Segment Start: Given data

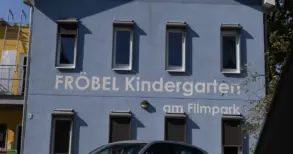 Blaue Fassade des Fröbel-Kindergartens am Filmpark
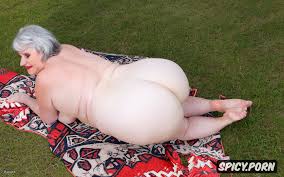 Image of feet, low angle, nude, 70 years old, irish female, huge butt  spread - spicy.porn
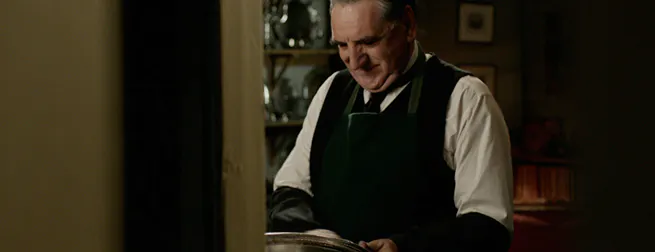 Mr. Carson (Jim Carter) poliert das gräfliche Silber in Downton Abbey 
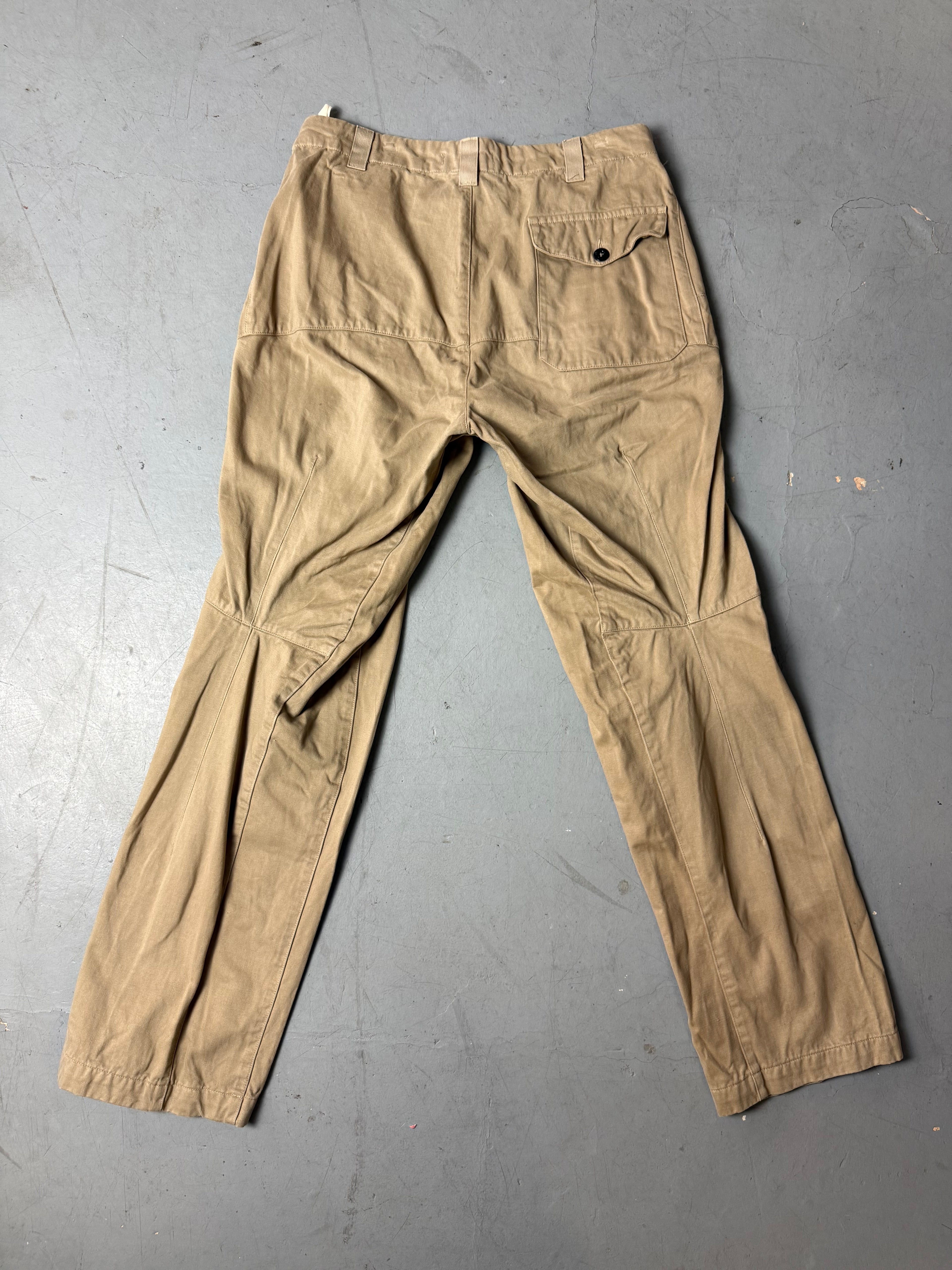 Produktbild von einer Vintage Stone Island Beige Pants von hinten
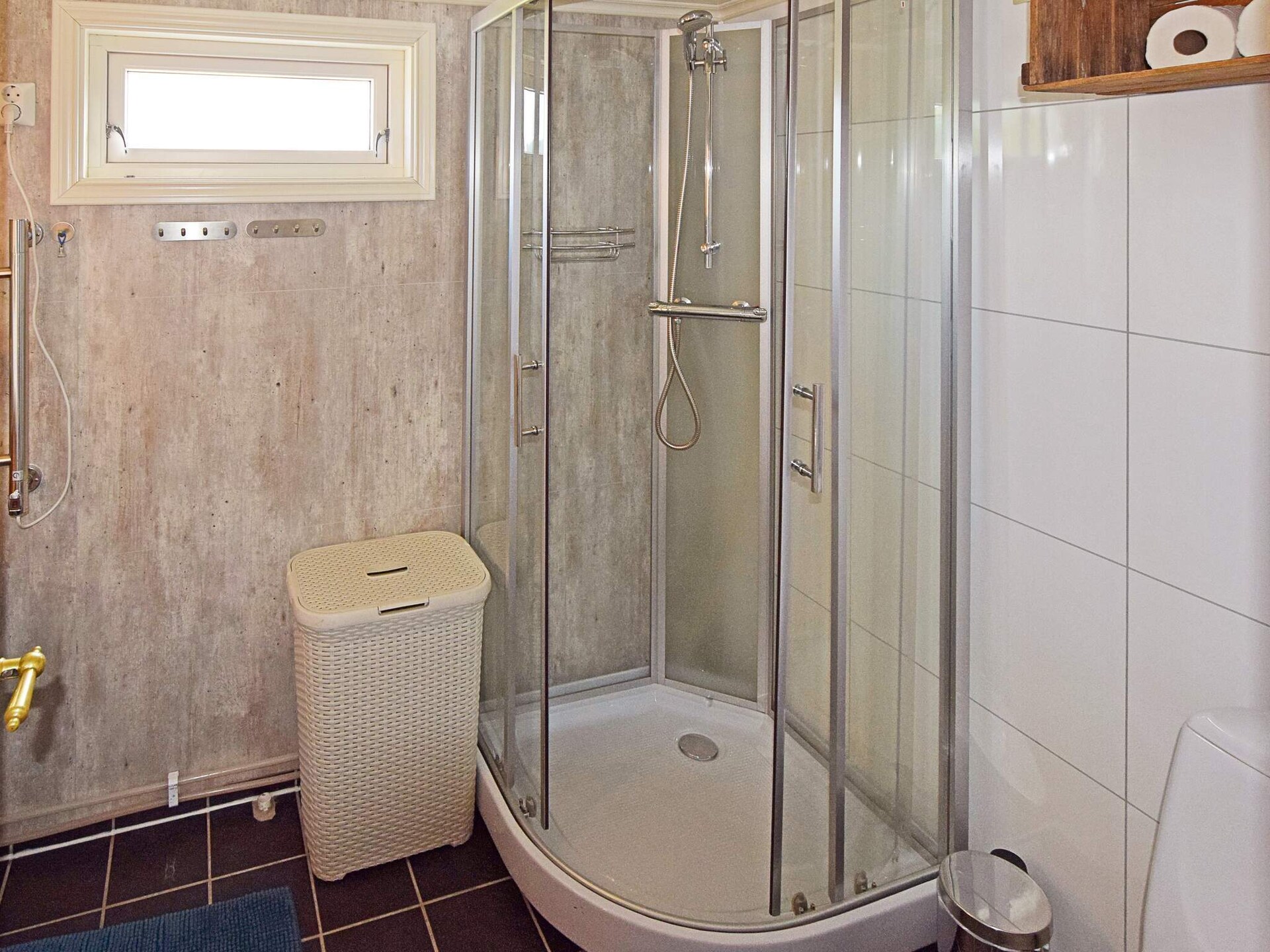 Vrijstaand vakantiehuis aan fjord met privéstrand en sauna op Sandhornøy - foto 18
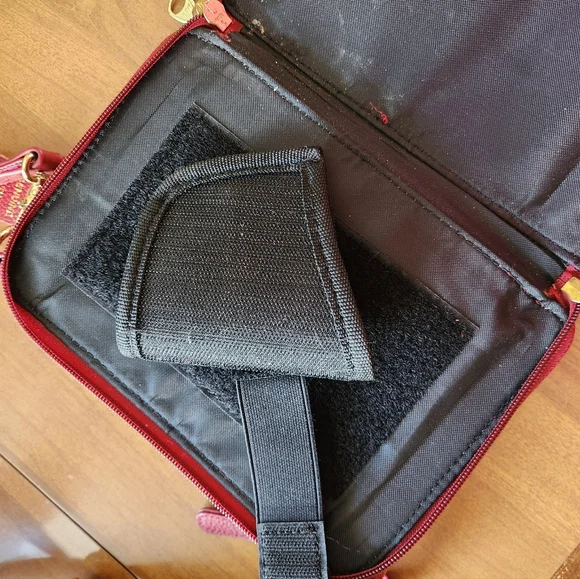 Roma Leather Conceal Carry Purse - Picture 5 of 6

Segment End: Given data

What you have to do —
Reproduce the records above exactly, excluding every picture.

Answer to this exercise —
 Blaue Fassade des Fröbel-Kindergartens am Filmpark
 Image of feet, low angle, nude, 70 years old, irish female, huge butt  spread - spicy.porn
 Mr. Carson (Jim Carter) poliert das gräfliche Silber in Downton Abbey 
 Produktbild von einer Vintage Stone Island Beige Pants von hinten
 Vrijstaand vakantiehuis aan fjord met privéstrand en sauna op Sandhornøy - foto 18
 Roma Leather Conceal Carry Purse - Picture 5 of 6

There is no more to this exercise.